DATA FOR ANALYSIS.
== Segment start ==
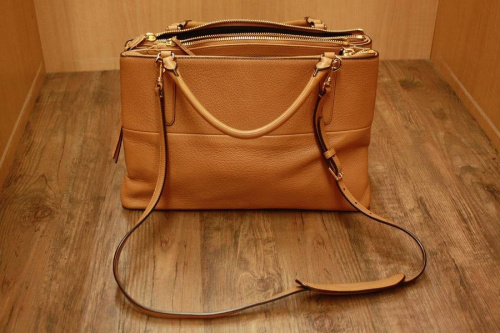 バッグのコーチ（COACH）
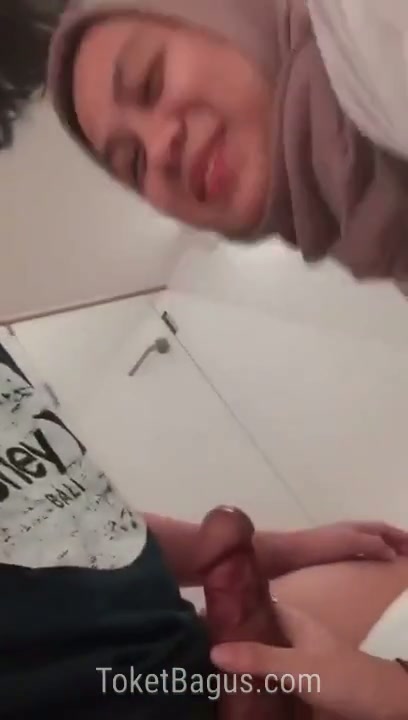 Jilbab ketagihan sepong kontol gede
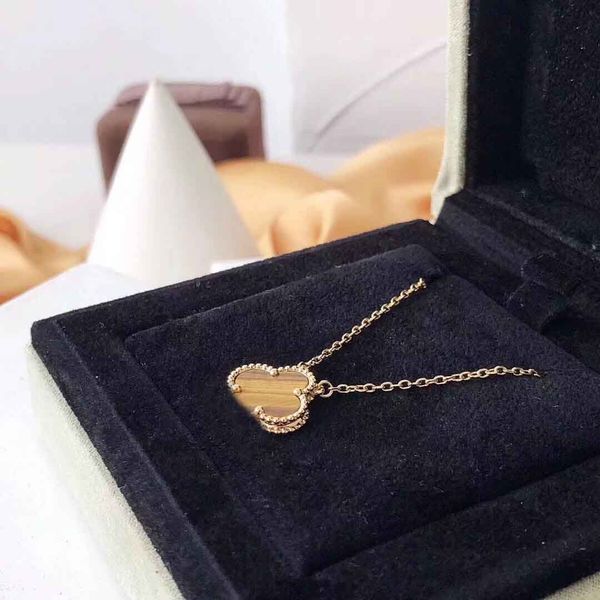 2023 luxury quality v gold material charm pendant necklace with tiger eye stone stud earring have box stamp ps5008, Silver
2023 luxury quality v gold material charm pendant necklace with tiger eye stone stud earring have box stamp ps5008, Silver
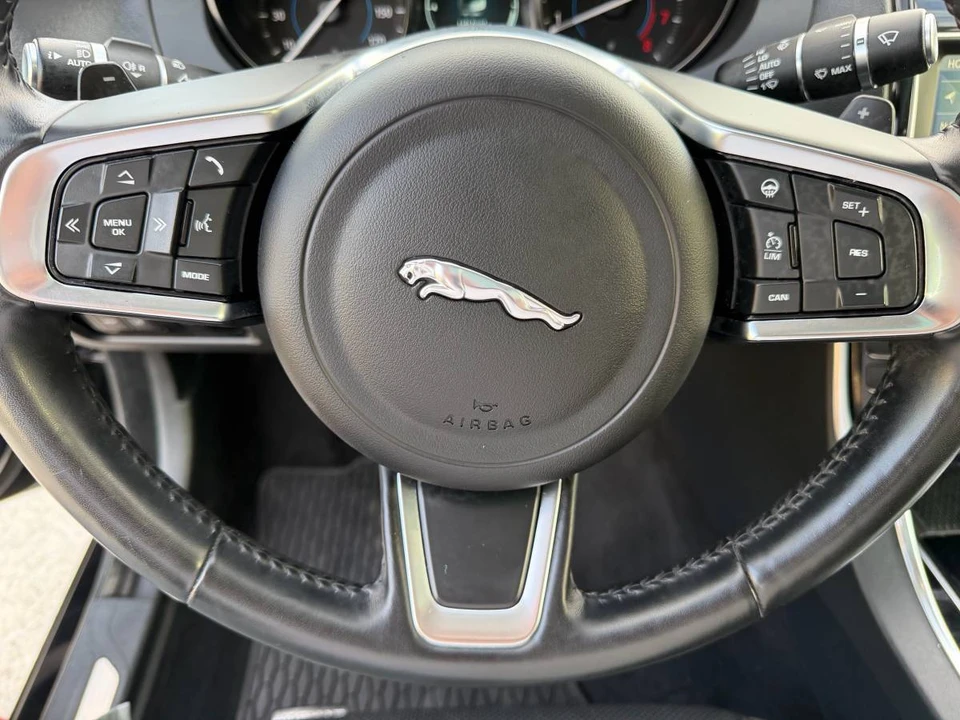2019 Jaguar XE - Image 7 of 19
== Segment end ==
Set down the material exactly as given, but print none of the pictures.

WRITTEN RESPONSE.
 バッグのコーチ（COACH）
 Jilbab ketagihan sepong kontol gede
 2023 luxury quality v gold material charm pendant necklace with tiger eye stone stud earring have box stamp ps5008, Silver
2023 luxury quality v gold material charm pendant necklace with tiger eye stone stud earring have box stamp ps5008, Silver
2019 Jaguar XE - Image 7 of 19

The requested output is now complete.